**What needs to be done**
In the records below, find the line holding "Vidaglo 50mg Tablet 10s" and the line holding "NWT Summer Fridays Jet Lag Eye Patches". Set down both, with every line between them, exactly.

**Information provided**
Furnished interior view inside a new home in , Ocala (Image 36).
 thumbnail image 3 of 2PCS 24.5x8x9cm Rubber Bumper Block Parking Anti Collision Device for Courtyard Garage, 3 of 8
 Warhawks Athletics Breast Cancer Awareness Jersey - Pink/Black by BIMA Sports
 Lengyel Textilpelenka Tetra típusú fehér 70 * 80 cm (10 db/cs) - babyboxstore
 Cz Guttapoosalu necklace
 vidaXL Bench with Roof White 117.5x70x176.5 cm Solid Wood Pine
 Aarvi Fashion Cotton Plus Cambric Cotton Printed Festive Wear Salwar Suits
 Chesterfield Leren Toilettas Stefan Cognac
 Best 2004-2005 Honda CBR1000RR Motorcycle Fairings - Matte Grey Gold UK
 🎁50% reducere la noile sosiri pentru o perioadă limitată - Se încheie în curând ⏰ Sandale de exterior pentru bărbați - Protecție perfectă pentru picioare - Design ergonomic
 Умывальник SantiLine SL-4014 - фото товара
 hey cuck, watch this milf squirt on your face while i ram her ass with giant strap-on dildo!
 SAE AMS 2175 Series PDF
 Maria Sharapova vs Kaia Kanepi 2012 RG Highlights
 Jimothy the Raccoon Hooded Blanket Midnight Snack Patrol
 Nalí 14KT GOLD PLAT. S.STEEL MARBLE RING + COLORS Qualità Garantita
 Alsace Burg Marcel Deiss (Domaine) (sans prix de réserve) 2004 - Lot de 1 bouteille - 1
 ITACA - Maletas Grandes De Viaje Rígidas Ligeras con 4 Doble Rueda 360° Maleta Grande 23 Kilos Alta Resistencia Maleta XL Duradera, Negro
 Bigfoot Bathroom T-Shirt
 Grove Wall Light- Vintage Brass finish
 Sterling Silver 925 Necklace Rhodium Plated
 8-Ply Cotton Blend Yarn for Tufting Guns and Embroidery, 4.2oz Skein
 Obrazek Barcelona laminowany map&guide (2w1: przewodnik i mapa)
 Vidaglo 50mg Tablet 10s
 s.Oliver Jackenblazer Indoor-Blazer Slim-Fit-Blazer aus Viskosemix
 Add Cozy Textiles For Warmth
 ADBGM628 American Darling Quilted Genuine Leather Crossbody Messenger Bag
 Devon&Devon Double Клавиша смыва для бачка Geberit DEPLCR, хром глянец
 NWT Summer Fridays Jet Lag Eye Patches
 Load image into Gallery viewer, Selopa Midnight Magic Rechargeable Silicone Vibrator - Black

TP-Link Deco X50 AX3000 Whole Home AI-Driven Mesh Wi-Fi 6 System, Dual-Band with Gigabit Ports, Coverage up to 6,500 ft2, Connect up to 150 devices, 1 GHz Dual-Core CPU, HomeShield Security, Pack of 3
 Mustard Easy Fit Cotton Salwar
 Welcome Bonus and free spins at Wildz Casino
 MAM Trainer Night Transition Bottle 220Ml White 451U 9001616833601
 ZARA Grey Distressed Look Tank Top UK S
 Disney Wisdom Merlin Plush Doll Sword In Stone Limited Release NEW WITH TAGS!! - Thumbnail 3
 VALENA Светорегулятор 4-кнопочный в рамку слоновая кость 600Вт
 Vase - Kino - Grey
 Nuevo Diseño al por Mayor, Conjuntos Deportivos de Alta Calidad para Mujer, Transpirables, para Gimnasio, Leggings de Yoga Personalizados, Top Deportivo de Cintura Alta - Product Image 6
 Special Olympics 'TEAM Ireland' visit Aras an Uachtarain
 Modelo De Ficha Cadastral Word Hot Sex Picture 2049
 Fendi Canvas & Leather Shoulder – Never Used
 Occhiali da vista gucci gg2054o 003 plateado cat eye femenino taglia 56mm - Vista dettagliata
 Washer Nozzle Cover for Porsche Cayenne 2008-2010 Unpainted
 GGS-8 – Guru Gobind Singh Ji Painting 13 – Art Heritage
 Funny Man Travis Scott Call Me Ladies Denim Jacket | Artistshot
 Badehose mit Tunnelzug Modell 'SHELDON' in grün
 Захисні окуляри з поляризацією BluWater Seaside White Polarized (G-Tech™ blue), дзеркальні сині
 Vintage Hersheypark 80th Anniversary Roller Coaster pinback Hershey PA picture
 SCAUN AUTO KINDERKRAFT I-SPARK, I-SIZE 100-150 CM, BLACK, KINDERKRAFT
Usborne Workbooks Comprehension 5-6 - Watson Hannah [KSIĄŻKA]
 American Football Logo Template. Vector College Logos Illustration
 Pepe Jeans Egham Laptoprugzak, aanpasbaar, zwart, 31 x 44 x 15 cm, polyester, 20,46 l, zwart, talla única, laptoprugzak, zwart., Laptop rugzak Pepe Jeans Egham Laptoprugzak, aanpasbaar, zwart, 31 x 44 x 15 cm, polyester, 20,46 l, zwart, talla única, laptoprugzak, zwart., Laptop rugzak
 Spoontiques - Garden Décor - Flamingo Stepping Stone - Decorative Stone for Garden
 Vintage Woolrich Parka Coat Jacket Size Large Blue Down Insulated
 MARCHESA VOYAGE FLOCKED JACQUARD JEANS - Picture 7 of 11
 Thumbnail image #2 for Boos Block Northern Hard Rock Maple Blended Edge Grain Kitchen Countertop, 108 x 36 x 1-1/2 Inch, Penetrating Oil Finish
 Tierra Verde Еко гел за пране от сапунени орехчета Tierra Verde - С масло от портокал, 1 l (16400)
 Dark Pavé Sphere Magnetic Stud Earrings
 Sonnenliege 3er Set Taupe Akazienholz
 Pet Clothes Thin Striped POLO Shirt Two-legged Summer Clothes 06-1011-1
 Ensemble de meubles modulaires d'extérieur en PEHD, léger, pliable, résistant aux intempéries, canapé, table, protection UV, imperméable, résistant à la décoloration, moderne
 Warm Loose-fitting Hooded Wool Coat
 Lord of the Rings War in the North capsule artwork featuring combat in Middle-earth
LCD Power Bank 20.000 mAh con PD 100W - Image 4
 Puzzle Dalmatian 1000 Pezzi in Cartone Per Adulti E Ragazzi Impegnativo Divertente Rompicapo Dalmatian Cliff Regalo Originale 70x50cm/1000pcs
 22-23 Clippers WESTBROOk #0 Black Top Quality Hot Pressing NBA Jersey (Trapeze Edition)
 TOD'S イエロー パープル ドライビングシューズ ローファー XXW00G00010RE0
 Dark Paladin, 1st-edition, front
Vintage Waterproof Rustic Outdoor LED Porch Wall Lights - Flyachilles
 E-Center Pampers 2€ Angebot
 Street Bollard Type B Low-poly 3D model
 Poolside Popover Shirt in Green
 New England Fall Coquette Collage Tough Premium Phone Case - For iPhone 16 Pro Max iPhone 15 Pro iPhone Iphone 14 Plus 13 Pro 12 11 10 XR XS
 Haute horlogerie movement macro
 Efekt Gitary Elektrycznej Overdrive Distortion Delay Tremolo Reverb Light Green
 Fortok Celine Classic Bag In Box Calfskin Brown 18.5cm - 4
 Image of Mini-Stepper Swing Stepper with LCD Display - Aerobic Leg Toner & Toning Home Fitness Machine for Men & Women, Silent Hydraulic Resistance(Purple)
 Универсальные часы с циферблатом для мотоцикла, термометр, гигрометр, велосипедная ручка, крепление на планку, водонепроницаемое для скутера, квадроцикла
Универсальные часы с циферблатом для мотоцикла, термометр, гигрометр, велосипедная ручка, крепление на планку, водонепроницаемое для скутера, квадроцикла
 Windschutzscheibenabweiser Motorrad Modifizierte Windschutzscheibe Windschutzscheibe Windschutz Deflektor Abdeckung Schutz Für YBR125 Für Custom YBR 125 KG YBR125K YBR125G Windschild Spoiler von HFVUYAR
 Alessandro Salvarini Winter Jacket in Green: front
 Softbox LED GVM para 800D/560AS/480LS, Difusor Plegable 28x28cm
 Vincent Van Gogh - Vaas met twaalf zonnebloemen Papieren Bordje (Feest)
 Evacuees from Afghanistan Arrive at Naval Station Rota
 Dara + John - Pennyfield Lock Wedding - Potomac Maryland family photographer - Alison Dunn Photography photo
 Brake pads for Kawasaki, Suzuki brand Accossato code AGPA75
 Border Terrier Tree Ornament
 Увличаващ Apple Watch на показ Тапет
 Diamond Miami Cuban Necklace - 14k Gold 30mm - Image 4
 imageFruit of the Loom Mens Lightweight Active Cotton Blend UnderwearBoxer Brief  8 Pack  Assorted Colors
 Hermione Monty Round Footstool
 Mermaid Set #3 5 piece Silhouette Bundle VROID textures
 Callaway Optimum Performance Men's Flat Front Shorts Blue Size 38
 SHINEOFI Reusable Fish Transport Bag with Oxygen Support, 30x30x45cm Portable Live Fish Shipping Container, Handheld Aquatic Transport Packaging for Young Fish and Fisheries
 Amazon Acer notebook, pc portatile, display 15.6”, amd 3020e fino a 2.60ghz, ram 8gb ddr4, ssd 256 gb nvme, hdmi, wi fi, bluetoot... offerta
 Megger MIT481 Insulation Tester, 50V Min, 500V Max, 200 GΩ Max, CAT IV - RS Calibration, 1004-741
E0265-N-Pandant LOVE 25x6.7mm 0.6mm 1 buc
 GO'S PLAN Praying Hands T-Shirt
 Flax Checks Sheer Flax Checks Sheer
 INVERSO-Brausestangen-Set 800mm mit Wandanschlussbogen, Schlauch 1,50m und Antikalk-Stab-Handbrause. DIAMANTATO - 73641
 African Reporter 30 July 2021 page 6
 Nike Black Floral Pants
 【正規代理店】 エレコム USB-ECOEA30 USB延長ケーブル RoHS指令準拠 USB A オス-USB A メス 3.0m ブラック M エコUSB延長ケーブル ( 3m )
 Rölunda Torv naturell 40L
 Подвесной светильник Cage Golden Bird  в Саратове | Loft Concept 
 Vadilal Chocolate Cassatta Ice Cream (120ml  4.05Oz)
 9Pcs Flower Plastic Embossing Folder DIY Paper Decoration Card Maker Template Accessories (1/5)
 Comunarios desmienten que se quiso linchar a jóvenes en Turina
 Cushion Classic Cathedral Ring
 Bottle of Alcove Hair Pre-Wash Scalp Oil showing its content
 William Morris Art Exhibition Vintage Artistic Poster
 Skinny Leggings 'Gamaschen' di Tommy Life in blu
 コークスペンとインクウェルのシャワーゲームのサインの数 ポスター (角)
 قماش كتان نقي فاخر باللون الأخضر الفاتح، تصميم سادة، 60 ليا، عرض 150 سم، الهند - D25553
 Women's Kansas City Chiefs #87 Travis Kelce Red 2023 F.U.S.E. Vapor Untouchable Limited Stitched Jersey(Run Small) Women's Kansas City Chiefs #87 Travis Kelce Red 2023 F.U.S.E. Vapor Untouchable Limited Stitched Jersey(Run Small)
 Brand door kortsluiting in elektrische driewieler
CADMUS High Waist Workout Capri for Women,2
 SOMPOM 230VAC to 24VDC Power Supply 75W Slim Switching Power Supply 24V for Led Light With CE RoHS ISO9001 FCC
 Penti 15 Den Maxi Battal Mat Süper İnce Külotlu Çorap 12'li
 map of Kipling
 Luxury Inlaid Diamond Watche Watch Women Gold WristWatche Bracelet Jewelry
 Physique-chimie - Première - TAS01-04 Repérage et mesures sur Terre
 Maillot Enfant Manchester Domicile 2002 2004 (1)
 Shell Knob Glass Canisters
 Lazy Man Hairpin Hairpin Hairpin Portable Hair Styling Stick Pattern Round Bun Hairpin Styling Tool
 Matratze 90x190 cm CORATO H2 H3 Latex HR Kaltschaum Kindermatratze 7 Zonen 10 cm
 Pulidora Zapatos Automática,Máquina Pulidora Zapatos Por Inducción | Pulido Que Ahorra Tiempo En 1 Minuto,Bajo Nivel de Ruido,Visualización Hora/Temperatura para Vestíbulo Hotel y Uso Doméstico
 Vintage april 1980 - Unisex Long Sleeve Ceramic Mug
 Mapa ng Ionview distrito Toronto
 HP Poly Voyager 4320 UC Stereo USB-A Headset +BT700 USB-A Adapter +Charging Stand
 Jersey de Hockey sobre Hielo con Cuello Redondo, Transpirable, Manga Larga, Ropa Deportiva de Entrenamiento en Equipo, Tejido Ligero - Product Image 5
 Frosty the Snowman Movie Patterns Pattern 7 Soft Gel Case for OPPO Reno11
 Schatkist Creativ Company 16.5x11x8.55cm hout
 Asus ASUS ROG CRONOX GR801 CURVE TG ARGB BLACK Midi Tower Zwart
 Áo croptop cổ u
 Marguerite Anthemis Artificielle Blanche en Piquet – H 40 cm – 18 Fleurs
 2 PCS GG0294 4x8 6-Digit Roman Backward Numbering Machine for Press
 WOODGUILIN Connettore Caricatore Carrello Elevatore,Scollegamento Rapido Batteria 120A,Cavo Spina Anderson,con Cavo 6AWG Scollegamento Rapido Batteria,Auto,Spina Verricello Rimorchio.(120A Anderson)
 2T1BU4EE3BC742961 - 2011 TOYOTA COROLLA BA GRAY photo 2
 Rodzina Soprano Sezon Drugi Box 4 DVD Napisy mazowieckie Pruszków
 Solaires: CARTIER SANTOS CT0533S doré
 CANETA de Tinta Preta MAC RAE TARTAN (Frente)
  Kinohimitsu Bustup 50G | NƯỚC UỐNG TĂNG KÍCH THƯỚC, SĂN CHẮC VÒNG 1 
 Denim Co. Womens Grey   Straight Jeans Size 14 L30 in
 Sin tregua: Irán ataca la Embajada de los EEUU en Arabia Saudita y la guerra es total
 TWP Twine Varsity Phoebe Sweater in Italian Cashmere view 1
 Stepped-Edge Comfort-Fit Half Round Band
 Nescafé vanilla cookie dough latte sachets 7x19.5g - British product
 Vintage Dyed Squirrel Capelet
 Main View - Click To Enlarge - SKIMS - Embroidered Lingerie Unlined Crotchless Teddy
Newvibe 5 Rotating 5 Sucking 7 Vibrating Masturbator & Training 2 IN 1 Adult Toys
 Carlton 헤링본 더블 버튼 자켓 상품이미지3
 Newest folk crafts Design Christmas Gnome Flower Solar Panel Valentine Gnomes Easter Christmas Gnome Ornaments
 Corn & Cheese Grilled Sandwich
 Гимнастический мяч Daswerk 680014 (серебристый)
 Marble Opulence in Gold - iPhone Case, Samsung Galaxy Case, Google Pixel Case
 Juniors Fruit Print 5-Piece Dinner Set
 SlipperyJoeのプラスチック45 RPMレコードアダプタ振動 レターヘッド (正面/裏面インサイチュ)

**Exercise solution**
 Vidaglo 50mg Tablet 10s
 s.Oliver Jackenblazer Indoor-Blazer Slim-Fit-Blazer aus Viskosemix
 Add Cozy Textiles For Warmth
 ADBGM628 American Darling Quilted Genuine Leather Crossbody Messenger Bag
 Devon&Devon Double Клавиша смыва для бачка Geberit DEPLCR, хром глянец
 NWT Summer Fridays Jet Lag Eye Patches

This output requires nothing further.